───── EXERCISE MATERIAL ─────
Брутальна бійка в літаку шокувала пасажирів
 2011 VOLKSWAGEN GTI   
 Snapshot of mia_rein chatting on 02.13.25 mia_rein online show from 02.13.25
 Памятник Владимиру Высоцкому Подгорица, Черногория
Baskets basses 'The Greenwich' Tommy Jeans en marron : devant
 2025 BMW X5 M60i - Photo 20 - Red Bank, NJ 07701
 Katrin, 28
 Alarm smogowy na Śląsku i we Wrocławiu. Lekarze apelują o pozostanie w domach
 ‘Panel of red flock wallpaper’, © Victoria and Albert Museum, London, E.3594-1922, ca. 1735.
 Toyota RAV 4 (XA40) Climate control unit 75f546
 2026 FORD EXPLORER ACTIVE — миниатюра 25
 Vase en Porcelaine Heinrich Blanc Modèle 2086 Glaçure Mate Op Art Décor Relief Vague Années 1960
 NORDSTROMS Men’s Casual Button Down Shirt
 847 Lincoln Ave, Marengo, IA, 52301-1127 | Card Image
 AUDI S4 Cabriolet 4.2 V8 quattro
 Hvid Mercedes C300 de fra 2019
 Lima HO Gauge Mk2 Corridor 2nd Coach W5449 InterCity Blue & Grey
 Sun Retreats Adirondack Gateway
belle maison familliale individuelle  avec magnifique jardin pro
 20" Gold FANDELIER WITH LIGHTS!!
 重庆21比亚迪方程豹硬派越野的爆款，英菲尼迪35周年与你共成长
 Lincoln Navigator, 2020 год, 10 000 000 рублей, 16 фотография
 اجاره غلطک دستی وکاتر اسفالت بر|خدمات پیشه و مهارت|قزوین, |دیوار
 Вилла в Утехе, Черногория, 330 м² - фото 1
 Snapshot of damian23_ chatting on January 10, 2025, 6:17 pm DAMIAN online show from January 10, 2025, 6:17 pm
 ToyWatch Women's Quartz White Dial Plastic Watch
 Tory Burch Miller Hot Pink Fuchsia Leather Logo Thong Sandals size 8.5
─────
_DESCRIPTION OF THE TASK_.
From the records above, repeat exactly the lines from the one with "NORDSTROMS Men" through the one with "重庆21比亚迪方程豹硬派越野的爆款，英菲尼迪35周年与你共成长", both included.

_THE ANSWER_.
 NORDSTROMS Men’s Casual Button Down Shirt
 847 Lincoln Ave, Marengo, IA, 52301-1127 | Card Image
 AUDI S4 Cabriolet 4.2 V8 quattro
 Hvid Mercedes C300 de fra 2019
 Lima HO Gauge Mk2 Corridor 2nd Coach W5449 InterCity Blue & Grey
 Sun Retreats Adirondack Gateway
belle maison familliale individuelle  avec magnifique jardin pro
 20" Gold FANDELIER WITH LIGHTS!!
 重庆21比亚迪方程豹硬派越野的爆款，英菲尼迪35周年与你共成长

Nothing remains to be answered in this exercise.